La scoperta del tesoro di Anagni, con quasi trenta milioni di dosi di vaccino AstraZeneca, diciamo l’intero fabbisogno attuale del nostro paese per completare almeno il giro della prima somministrazione, rende quasi caricaturale lo scenario dell’emergenza sanitaria. Siamo tutti appesi alla data di un’eventuale vaccinazione, nella speranza, che ogni giorno che passa sbiadisce un po’ di più, di chiudere questa terribile parentesi della pandemia. Ma forse la prima forma di intossicazione da cui liberarci è proprio l’idea che viviamo una crisi che, per quanto acuta, prima o poi ci riporterà dove ci ha trovato. In realtà siamo nel pieno di una transizione che ci sta accompagnando verso un mondo che stentiamo a identificare. I vaccini ne sono il testimonial.

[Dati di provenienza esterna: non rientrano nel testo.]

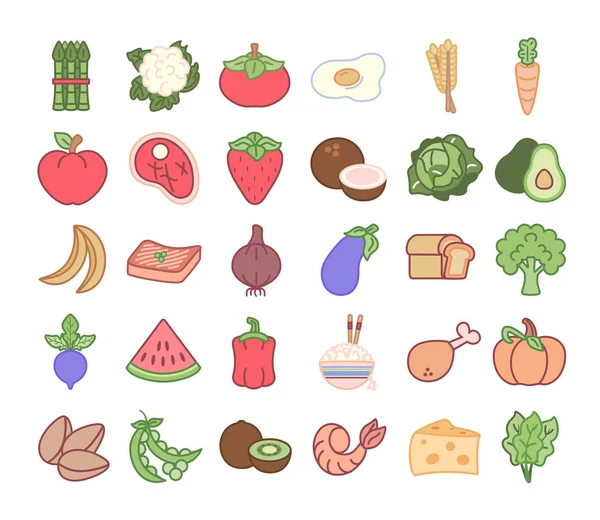 Ensemble d'icônes Emoji d'aliments sains mignons isolés — Image vectorielle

Noi siamo abituati a un’idea di vaccino come toccasana: si sviluppa, si produce, si distribuisce e ci si immunizza, cancellando il rischio del virus. Ora però ci stiamo accorgendo che il record di velocità nella sua produzione (davvero impensabile che, dopo pochi mesi, si sia riusciti a elaborare procedure cosi precise per colpire esattamente quel tipo di virus, fra le decine di migliaia che pullulano attorno a noi) presenta numerosi imprevisti; e soprattutto che la gestione dei farmaci sta rispondendo a logiche fino a oggi esterne alla fase terapeutica. Anche perché la stessa ricerca e produzione industriale del prodotto è stata del tutto eccentrica e anomala, questa volta, rispetto alla storia scientifica dei vaccini.